4 décembre 2006 – Fichiers informatiques
Assurer l’identification et la sécurité du DMP en garantissant la protection absolue des données personnelles de santé

Le Dossier médical personnel (DMP) a été institué pour favoriser une chance d’être mieux soigné. Associations d’usagers du système de santé et de défense des droits de l’Homme, nous soutenons ensemble que, pour atteindre cet objectif, le DMP ne doit pas comporter un risque accru d’atteinte à la protection des libertés individuelles.

 

Nous sommes à cet égard alertés par l’amendement adopté par le parlement, à la demande du gouvernement, qui confie mission à la CNIL d’autoriser l’utilisation du numéro de sécurité sociale (NIR) pour identifier le DMP et les autres dossiers de santé informatisés concernant un même patient.

 

En effet, l’utilité sociale du DMP et son acceptabilité ne seront assurées que s’il recueille la confiance pleine et entière des patients. Or l’usage du numéro de sécurité sociale comme identifiant du DMP ne pourrait que fragiliser cette confiance.

 

Ce numéro, à la différence d’un numéro d’identification santé prévu initialement, est en effet « transparent » et facile à reconstruire à partir de simples informations portant par exemple sur la date et le lieu de naissance d’une personne. Ses usages ont été jusqu’à présent très limités et encadrés par les pouvoirs publics et la CNIL, car il constitue l’outil idéal pour croiser des données et interconnecter des fichiers sur une même personne.

 

Dans un contexte où une politique de sécurité digne de ce nom en matière de données de santé informatisées est loin d’être atteinte, et sachant que les données de santé, parmi les plus intimes et les plus sensibles d’une personne, sont et demeureront extrêmement convoitées, il convient d’écarter tout risque d’usurpation ou d’accès non autorisé à ces données que l’usage du numéro de sécurité sociale risquerait de favoriser ou de renforcer.

 

Refuser d’associer le NIR au données personnelles de santé et au DMP est socialement utile et indispensable pour toux ceux qui souhaitent le succès du DMP, mais c’est aussi techniquement possible car il existe une alternative fiable pour identifier sans risque d’erreur le DMP et les autres dossiers personnels de santé.
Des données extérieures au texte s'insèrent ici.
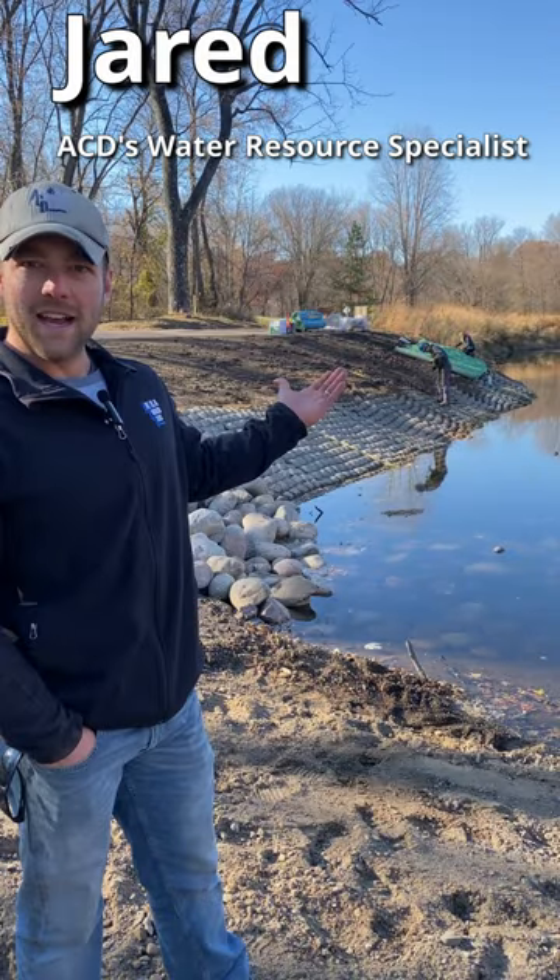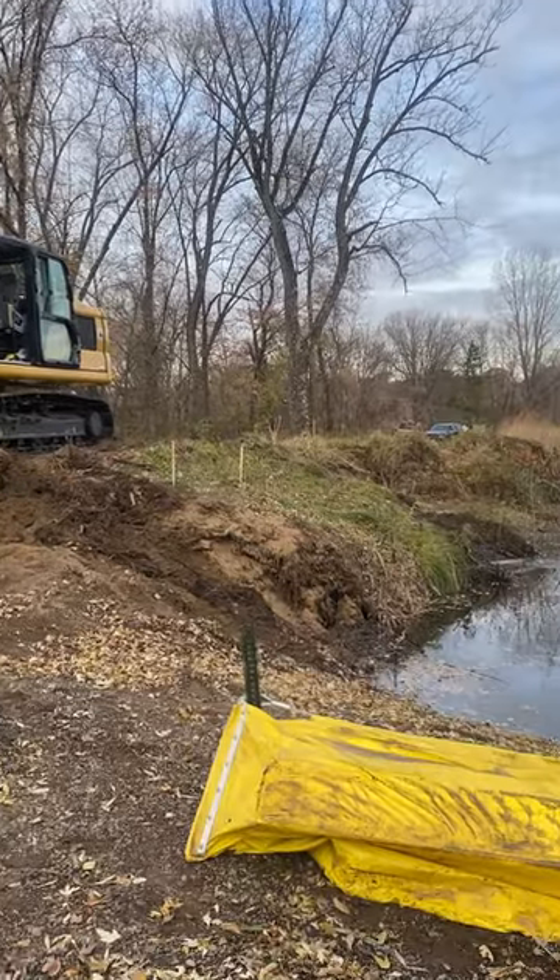How do you fix a riverbank? Jared, ACD's water resource specialist, is going to explain the process involved.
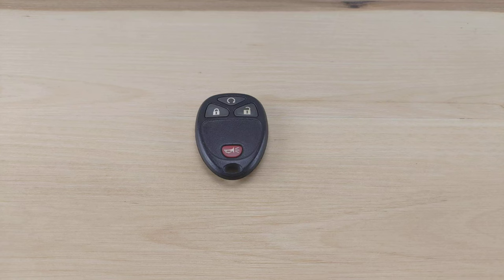What's up guys, welcome back to Key Fobs and More. While you're here, take a second to consider subscribing to the channel so you don't miss out on more uploads on how to change the battery in your remote key fob.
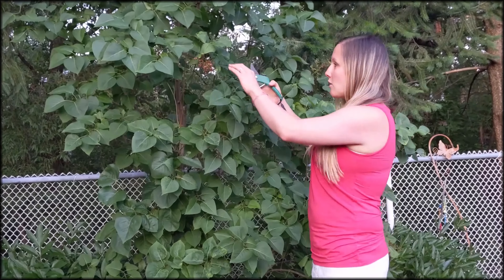We'll just do another one over here. We have another faded bloom, so we're going to cut below the faded bloom but above the next branch. Again, we'll toss it back there to add to the organic matter of our mulch. This helps focus the energy into those new buds so they can mature and produce more blooms in the spring.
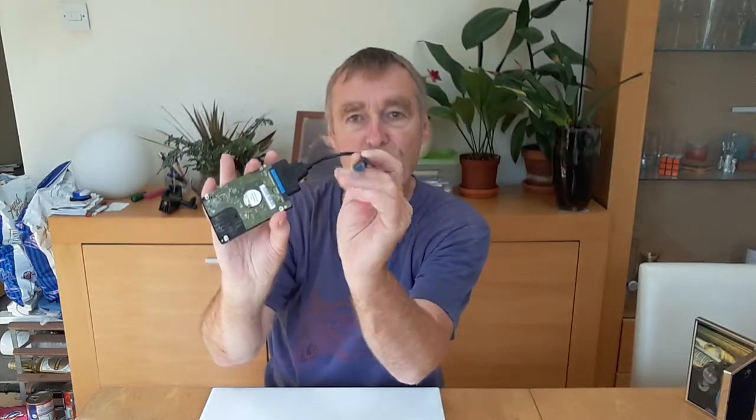All you need to do is plug the USB into your working computer and now you've got an external hard drive. For a few pounds more, you can buy these adapters all in a nice case. Pros and cons — it looks neater in a case, but this bare adapter is easy to unplug if you've got two or three of these hard drives knocking about.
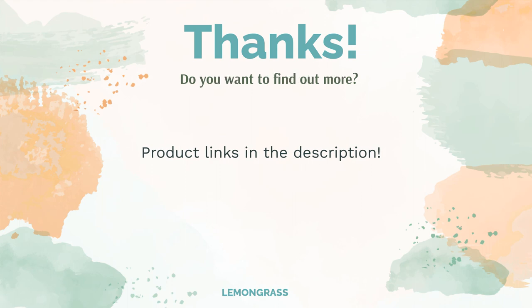Do you think this list makes sense? Leave a comment for us. You can find the product links in the description of the video. Remember to like and subscribe to the channel to keep up with the latest reviews.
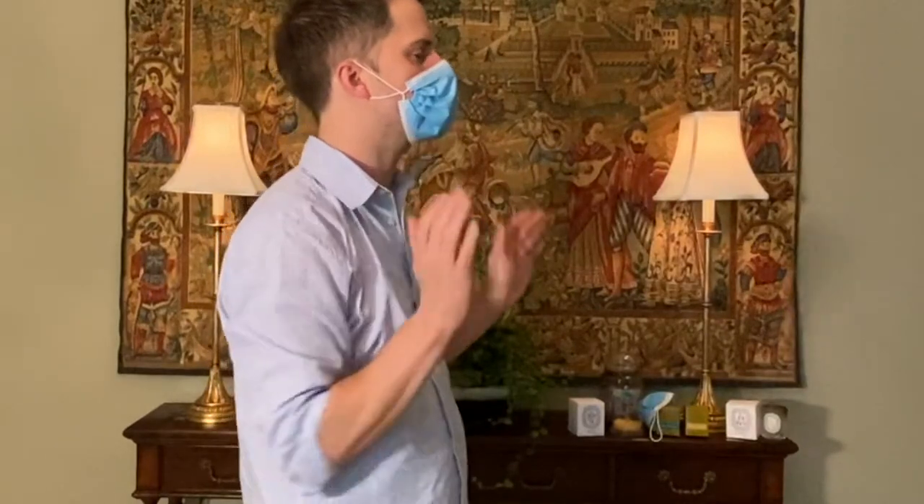It's easier to do with a mirror. Adjust it below your chin and tuck again — of course you want to do this with clean hands. Pinch and adjust the nose piece, and then you have a mask that fits a little bit better on your face. It doesn't gap out on the sides and holds a little bit tighter to your face. I found this method to work really well for me.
Un identifiant santé, propre à chaque personne, peut être généré à partir du NIR par un procédé de chiffrement irréversible : avec cette anonymisation du NIR, on obtient alors d’un numéro d’identité santé non signifiant qui ne permet pas l’identification indirecte de la personne à laquelle il se rapporte par rapprochement avec d’autres données la concernant. Un tel procédé[1] a été développé par plusieurs équipes (cf. travaux du Pr C. Quantin au CHU de Dijon et ceux menés à l’ATIH avec le logiciel FOIN, ainsi que les mesures adoptées par l’Institut de veille sanitaire pour les maladies à déclaration obligatoire, notamment le dossier médical des patients séropositifs pour le VIH).

 

Cette solution aurait donc le double avantage de disposer d’un identifiant santé totalement fiable et d’écarter tout risque de rapprochement non autorisé de données personnelles.

 

Nous en appelons donc aux pouvoirs publics et à la CNIL pour rejeter l’usage du NIR comme identifiant santé et adopter une solution d’« anonymisation irréversible » du NIR rendue aujourd’hui possible par l’état de l’art.

 

Ainsi sera-t-il possible de préserver la confiance du corps social en plaçant sur le même plan d’exigence l’utilité sociale du DMP et la préservation de la sphère privée des personnes.

 

Paris, le 4 décembre 2006

[1] Faisant appel aux méthodes cryptographiques de hachage à sens unique qui sont irréversibles. Le résultat du hachage est un code strictement anonyme (ne permettant pas de revenir à l’identité du patient) mais toujours le même pour un individu donné de façon à pouvoir rapprocher de manière sécurisée (sans connaître le NIR) les données de santé d’un même patient.